Adam Roberts 1, Leonard McMillan 1,*, Wei Wang 1, Joel Parker 2, Ivan Rusyn 3 and David Threadgill 4

1Department of Computer Science, University of North Carolina, Chapel Hill, NC 27599, 2Constella Group, Durham, NC 27713, 3Department of Environmental Sciences and Engineering, University of North Carolina, Chapel Hill, NC 27599 and 4Department of Genetics, University of North Carolina, Chapel Hill, NC 27599, USA

*To whom correspondence should be addressed.


   Abstract

Motivation: Typical high-throughput genotyping techniques produce numerous missing calls that confound subsequent analyses, such as disease association studies. Common remedies for this problem include removing affected markers and/or samples or, otherwise, imputing the missing data. On small marker sets imputation is frequently based on a vote of the K-nearest-neighbor (KNN) haplotypes, but this technique is neither practical nor justifiable for large datasets.

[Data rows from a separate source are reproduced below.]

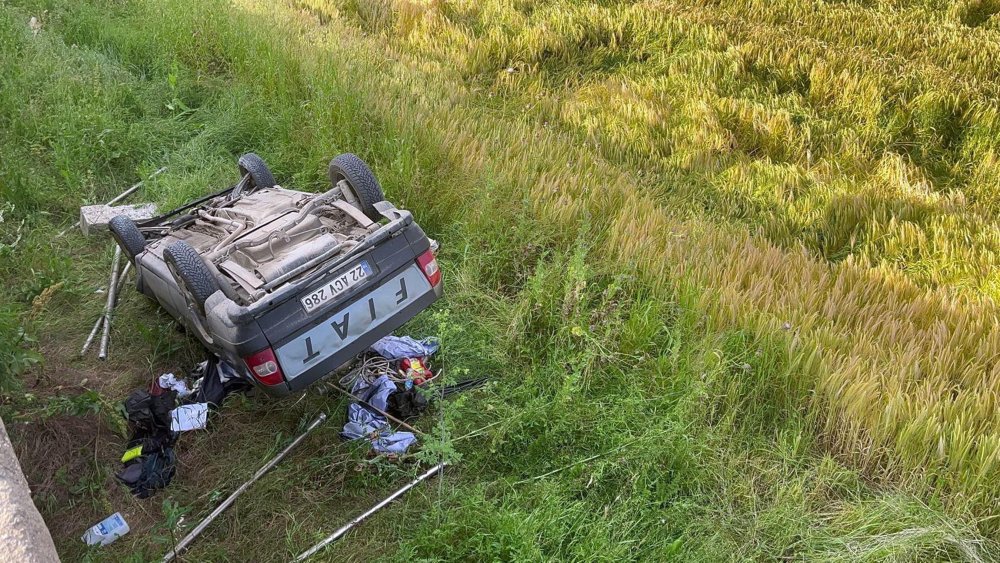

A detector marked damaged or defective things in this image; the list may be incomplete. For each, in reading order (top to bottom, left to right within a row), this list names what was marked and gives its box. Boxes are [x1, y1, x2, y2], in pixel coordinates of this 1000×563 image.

overturned fiat car [109, 154, 442, 396]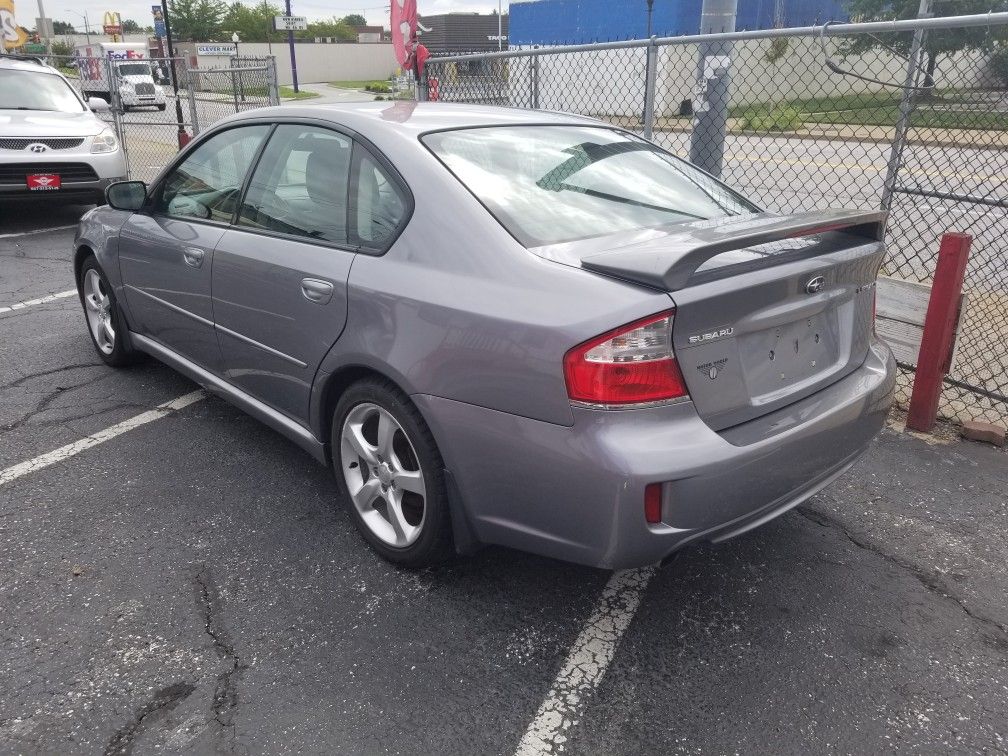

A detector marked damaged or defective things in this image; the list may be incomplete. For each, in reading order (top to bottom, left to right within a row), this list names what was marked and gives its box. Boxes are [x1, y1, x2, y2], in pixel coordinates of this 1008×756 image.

cracked pavement [0, 210, 1003, 753]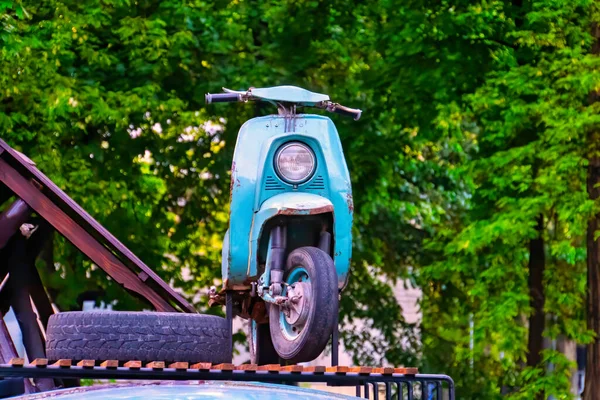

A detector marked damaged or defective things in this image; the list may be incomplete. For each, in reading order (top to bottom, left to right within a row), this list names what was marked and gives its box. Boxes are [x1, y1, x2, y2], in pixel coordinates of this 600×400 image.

rusty metal rack [0, 360, 452, 400]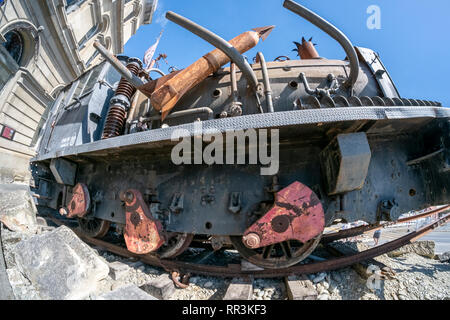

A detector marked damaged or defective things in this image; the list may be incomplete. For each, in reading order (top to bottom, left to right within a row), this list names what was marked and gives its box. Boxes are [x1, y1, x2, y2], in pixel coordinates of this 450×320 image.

rusted metal component [102, 58, 142, 139]
rusted metal component [136, 11, 274, 119]
rusted metal component [292, 37, 320, 60]
rusty tracked vehicle [29, 1, 448, 268]
rusted metal component [61, 184, 91, 219]
rusted metal component [121, 190, 165, 255]
rusted metal component [243, 181, 324, 249]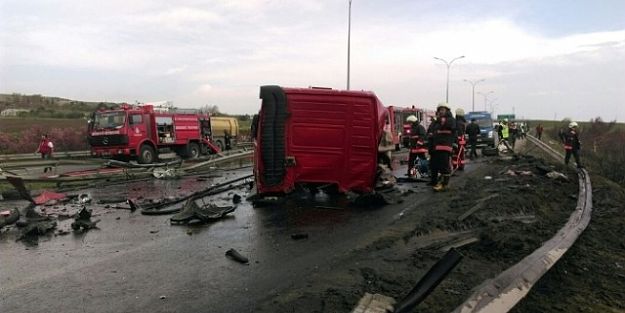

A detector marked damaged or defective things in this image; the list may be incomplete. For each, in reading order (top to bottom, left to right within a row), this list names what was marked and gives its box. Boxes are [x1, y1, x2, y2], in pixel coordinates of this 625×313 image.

overturned red truck [88, 104, 219, 163]
overturned red truck [251, 84, 388, 194]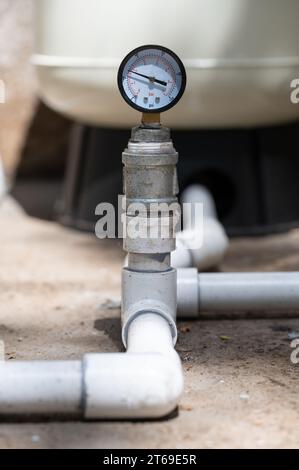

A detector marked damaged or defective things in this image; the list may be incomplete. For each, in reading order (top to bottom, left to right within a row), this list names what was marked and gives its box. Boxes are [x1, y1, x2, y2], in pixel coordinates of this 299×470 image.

cracked concrete surface [0, 197, 298, 448]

Results: We describe a data structure that supports efficient KNN queries over arbitrarily sized, sliding haplotype windows, and evaluate its use for genotype imputation. The performance of our method enables exhaustive exploration over all window sizes and known sites in large (150K, 8.3M) SNP panels. We also compare the accuracy and performance of our methods with competing imputation approaches.